Publié dans Le Soir d'Algérie le 01 - 02 - 2016


Par Abdelaziz Derdouri,
officier supérieur en retraite
Introduction
Chaque année, en cette période, les nombreux rapports bilans sur la cybersécurité apportent de précieux enseignements, permettant de réaliser des études prospectives et une approche pour préparer les stratégies à court, moyen et long termes, en cohérence avec les enjeux majeurs qui associent les technologies de l'information et de communication (TIC). Nous vivons une ère de croissance rapide de l'utilisation de ces dernières qui sont accompagnées de menaces sophistiquées. Aujourd'hui, les progrès technologiques présentent cette dualité : de grandes opportunités accompagnées de grands risques dont les cyberattaques émanant de cybercriminels, de hacktivistes et de plus en plus celles parrainées par des Etats.
Beaucoup a été dit sur la créativité des cybercriminels ; néanmoins, les bilans de l'année 2015 ont montré, en ce qui concerne certains pays, dont l'Algérie, que les cybercriminels n'auront pas à utiliser les techniques les plus avancées ou des méthodes sophistiquées pour réussir leur intrusion dans les réseaux.

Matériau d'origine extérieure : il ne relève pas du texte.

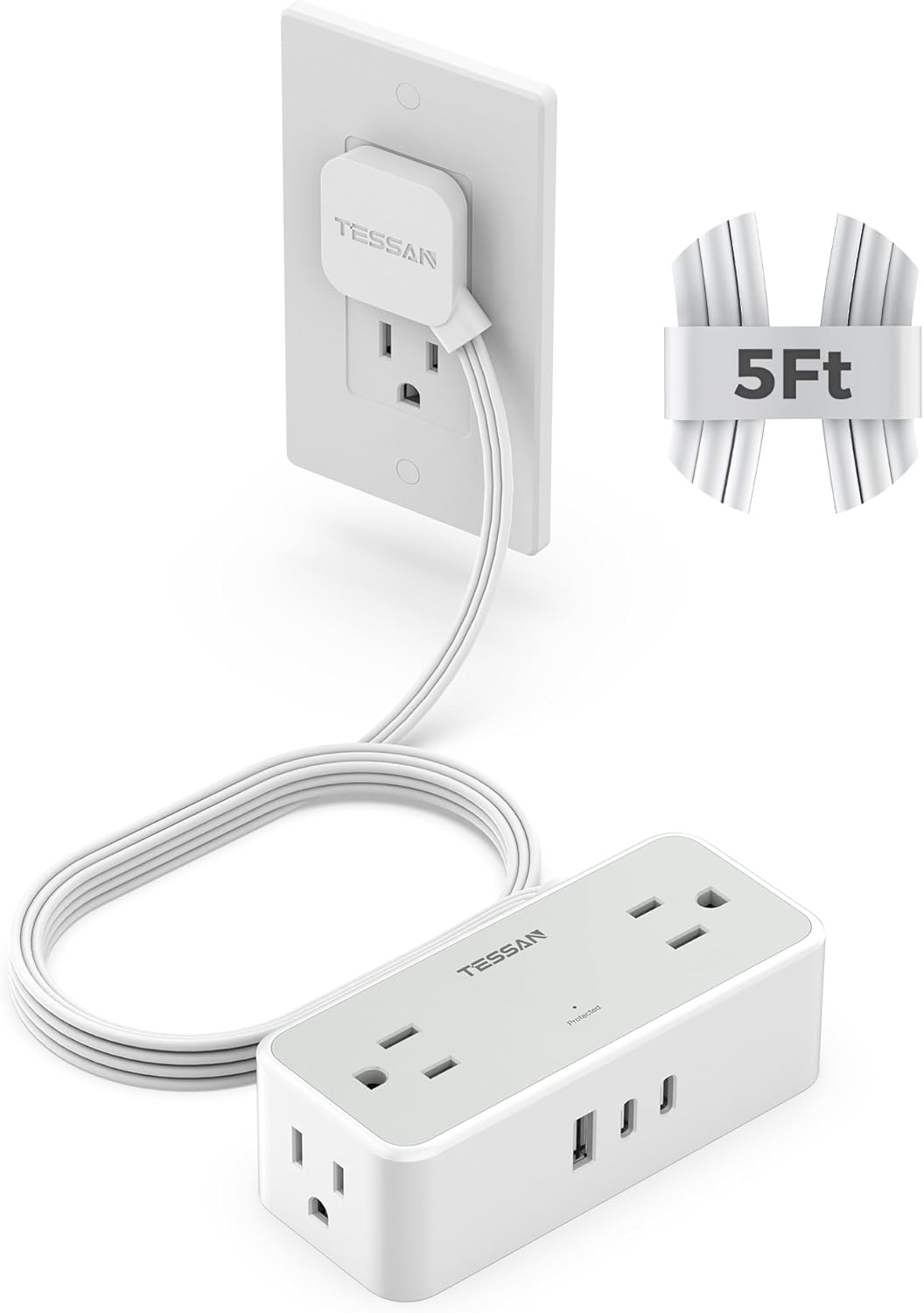 Flat Plug Extension Cord 5 FT, TESSAN Surge Protector Power Strip with 4 AC Outlets 3 USB Ports(2 USB C), 900 Joules Protection, Suitable for Home Office Dorm, Desk Organizers and Accessories Gray 5 FT (2 USB-C)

Il suffit simplement de comprendre la psychologie derrière la politique de sécurité de ces pays à l'égard des TIC pour ne pas avoir à recourir à des outils sophistiqués. Pourtant, l'absence de sécurité est le plus gros problème dans le secteur des TIC à cause de l'adoption, pour des raisons pratiques et économiques, du cloud, de la mobilité et de l'internet des Objets. Pour compliquer les choses, des études récentes montrent que le niveau de la cybermenace dans les pays arabes a un lien aussi avec la situation politico-socioéconomique de ces derniers. L'année 2015 a été largement dénommée par les experts comme «l'année de la violation de données». Comment définir ce à quoi l'Algérie doit s'attendre en 2016 ?
Le hacktivisme
Le hacktivisme qui se réfère à l'utilisation des techniques des hackers (défiguration de sites web, attaques de déni de service, vol de données, sabotages et vandalisme virtuels, etc.) n'a pas pour objectif le gain financier, mais l'utilisation de la technologie, des outils et techniques des hackers pour exprimer un désaccord ou un mécontentement. C'est la projection de la protestation et de la désobéissance civile sur l'internet.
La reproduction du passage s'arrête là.